Matt Morris's solo show at Ruschman is a deeply referential love letter to decaying glamor.
Matt Morris's "violet sissy fleur pinkie" at Ruschman is a southern gothic love letter to quietly decaying glamor. The room is outfitted in blush tones, lace, pearls, velvet, and rhinestones, and the air is breathy with sweet perfume and that "cosmetic" smell unique to powder blushes. Two sculptures made from windows are separated by gathered pink tulle delicately frothing from the ceiling to the floor, creating an interior and an exterior world.
"violet sissy fleur pinkie"
Through 1/11: Wed-Sat noon-4 PM, check website for holiday hours, Ruschman, 4148 N. Elston, ruschman.blue/Current.html
The "outside" work is a pair of white French windows atop a waist-high stack of McDonald's drink carriers while the "inside" work uses French windows as the mirror of a vanity. The counter is littered with remnants of feminine ritual, like melted candles and stolen nail polish, and objects of feminine imagination, like modded Barbie furniture and freewheeling ceramics. At the helm of the vanity is a pinkish-lavender chair with the seat partially gutted to accommodate a recreation of Judy Chicago's ruffled and deeply vaginal dinner plate for Emily Dickinson.
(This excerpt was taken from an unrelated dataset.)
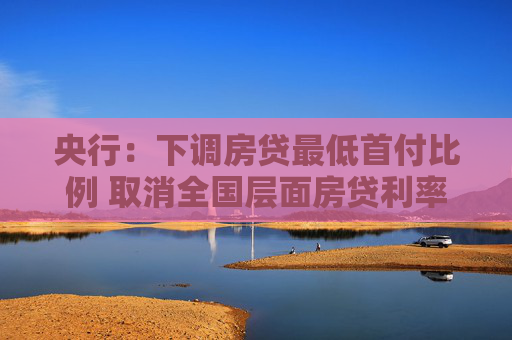 央行：下调房贷最低首付比例 取消全国层面房贷利率政策下限 下调公积金贷款利率  第1张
It's one of the show's dozens and dozens of references to Morris's rich arsenal of feminist and queer art inspiration.
The show's limp-wristed art deco ambience is bolstered by an assortment of paintings and small ceramic pieces, but the pink plastic doll counters jammed with objects really sum everything up. Garage to the Romantic McDonald's Girl Toy Grotto and Homage to the Romantic Hellfire Club Grotto both contain figurines like corpses in a tomb, only each is buried by things like satin, pearls, perfume bottles, and stuffing. Another, called Grotto to the Romantic Avon Calling Grotto, frankensteins a plastic doll's vanity to a similar makeup counter full of perfume bottles and things. Each one is like a mausoleum to desire and femininity -- equal parts tender and mournful, exactly how one might expect a Louisiana-born genderqueer kid's relationship to those things might be as a self-actualized adult. It's a beautifully intimate and eye-catching show. Every detail is packed with so much meaning and purpose it might be worth more than one visit.